My DM swore by it she suffered from mood swings just before she was due on and always took a few drops 2 or three days before she was due to start . I dont know if it worked or was a placebo but as long as she felt better who cares ,
I have know idea if it would interfere with any contraception tho

UnWilly · 08/02/2020 02:13

St John’s wort interacts with hormonal contraceptives reducing the effectiveness and increasing the risk of unplanned pregnancy.

www.gov.uk/drug-safety-update/st-john-s-wort-interaction-with-hormonal-contraceptives-including-implants

JustMyName · 08/02/2020 02:14

Following ... I've had bad side effects with all antidepressants and don't think I'll ever be free of depression, so interested to know how others got on with this, what dosage etc and what side effects are, i.e does it affect your libido, sleep, weight?
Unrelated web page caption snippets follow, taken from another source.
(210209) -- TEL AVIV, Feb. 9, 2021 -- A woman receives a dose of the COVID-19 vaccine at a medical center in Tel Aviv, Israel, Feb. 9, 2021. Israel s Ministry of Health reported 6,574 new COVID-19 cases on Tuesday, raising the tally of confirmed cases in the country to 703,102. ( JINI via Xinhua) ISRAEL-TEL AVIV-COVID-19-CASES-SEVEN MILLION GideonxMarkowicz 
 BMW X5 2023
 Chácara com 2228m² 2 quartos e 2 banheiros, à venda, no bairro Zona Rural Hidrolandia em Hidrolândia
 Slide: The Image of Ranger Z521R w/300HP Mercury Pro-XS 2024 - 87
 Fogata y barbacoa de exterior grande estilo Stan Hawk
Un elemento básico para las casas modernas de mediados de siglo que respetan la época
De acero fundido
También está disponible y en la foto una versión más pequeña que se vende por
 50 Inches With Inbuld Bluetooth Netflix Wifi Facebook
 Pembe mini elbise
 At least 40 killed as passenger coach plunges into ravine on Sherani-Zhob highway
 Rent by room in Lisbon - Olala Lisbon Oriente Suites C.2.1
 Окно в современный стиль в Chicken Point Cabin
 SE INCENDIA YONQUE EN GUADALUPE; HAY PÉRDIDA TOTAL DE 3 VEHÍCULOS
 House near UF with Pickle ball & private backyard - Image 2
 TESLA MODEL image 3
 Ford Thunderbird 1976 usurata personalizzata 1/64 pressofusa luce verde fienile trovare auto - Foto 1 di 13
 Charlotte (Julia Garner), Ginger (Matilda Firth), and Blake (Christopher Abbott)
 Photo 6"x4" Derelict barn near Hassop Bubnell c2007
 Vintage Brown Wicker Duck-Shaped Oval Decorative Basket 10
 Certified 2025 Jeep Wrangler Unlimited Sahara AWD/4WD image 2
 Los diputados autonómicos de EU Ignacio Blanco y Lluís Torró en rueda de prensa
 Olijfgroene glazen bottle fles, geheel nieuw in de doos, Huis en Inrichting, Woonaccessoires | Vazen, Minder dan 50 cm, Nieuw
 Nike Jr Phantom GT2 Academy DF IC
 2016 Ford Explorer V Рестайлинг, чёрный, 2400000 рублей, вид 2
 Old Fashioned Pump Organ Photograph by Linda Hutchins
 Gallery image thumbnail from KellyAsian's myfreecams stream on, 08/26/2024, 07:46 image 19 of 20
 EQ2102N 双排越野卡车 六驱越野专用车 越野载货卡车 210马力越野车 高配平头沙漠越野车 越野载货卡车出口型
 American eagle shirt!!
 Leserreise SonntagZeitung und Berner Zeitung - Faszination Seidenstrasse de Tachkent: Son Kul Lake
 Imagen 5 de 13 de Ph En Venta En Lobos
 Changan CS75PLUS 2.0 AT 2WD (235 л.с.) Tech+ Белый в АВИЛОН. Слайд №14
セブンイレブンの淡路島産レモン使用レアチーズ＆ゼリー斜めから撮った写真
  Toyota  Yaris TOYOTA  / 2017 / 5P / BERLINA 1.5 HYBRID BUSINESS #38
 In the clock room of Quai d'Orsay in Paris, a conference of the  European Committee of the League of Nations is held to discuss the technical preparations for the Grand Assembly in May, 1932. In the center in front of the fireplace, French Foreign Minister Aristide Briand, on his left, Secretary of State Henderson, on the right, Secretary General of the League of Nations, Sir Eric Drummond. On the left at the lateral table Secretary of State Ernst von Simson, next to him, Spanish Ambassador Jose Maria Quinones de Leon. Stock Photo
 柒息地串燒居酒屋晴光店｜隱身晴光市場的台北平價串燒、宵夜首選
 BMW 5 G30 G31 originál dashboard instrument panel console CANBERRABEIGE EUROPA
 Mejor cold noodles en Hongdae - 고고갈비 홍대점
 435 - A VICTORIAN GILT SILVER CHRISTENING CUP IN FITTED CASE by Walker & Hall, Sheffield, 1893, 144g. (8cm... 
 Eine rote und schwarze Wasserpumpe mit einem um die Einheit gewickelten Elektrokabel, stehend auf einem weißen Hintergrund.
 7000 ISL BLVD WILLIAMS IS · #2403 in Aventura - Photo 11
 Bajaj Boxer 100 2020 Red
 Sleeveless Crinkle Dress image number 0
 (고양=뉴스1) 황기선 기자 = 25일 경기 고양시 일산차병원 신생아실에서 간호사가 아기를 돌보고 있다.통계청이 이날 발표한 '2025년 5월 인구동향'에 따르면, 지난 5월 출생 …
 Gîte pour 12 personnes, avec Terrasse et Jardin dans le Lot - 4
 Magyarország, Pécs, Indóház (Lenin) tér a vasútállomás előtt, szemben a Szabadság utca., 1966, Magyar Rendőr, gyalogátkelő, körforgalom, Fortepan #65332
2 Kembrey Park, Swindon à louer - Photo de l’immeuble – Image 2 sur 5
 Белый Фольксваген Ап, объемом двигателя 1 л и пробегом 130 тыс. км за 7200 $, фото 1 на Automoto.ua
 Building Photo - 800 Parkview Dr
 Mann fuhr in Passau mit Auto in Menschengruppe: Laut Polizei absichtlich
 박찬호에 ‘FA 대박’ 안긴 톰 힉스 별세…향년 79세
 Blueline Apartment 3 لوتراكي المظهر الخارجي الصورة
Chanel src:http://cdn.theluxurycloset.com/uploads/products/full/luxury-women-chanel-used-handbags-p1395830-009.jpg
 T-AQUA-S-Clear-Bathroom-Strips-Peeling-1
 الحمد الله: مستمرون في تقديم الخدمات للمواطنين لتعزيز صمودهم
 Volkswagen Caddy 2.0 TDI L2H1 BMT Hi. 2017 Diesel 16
CassidyStone · 08/02/2020 02:20

I take HTP5 from October to March to combat the effects of seasonal affective disorder. I take it in the evening and it helps with sleep. I used to take St John's Wort but the more research was done, the more side effects became known and I sought advice from a homeopathic practitioner who recommended the HTP5.

Robin2323 · 08/02/2020 02:37

@cassy
Slightly off thread but have you tried half a mug of orange juice per day for SAD?

Just been through my second winter doing this and helps enormously.

Also completely rid of depression thanks to CBT
(Drinking plenty of 'warm' water , fresh air and walking daily , caffeine free and 3 balanced PROTEIN meals a day , one meal being meat protein.

Robin2323 · 08/02/2020 02:39

And none to minimal alcohol as it disturbs my sleep.
Need good quality sleep

PixieRabbit · 08/02/2020 03:02

Thank you everyone.

I do take 5HTP at night, along with magnesium. I take a bunch of different supplements, which improve things very slightly.

I started CBD cannabis thingy today, which I’m hoping will help my debilitating anxiety.

I have CFS/ME as well so it is very difficult to do anything much.

The St John’s wort is something I’ve been not-quite-buying for years, but I always balk at the hormone thing. It’s jolly expensive too.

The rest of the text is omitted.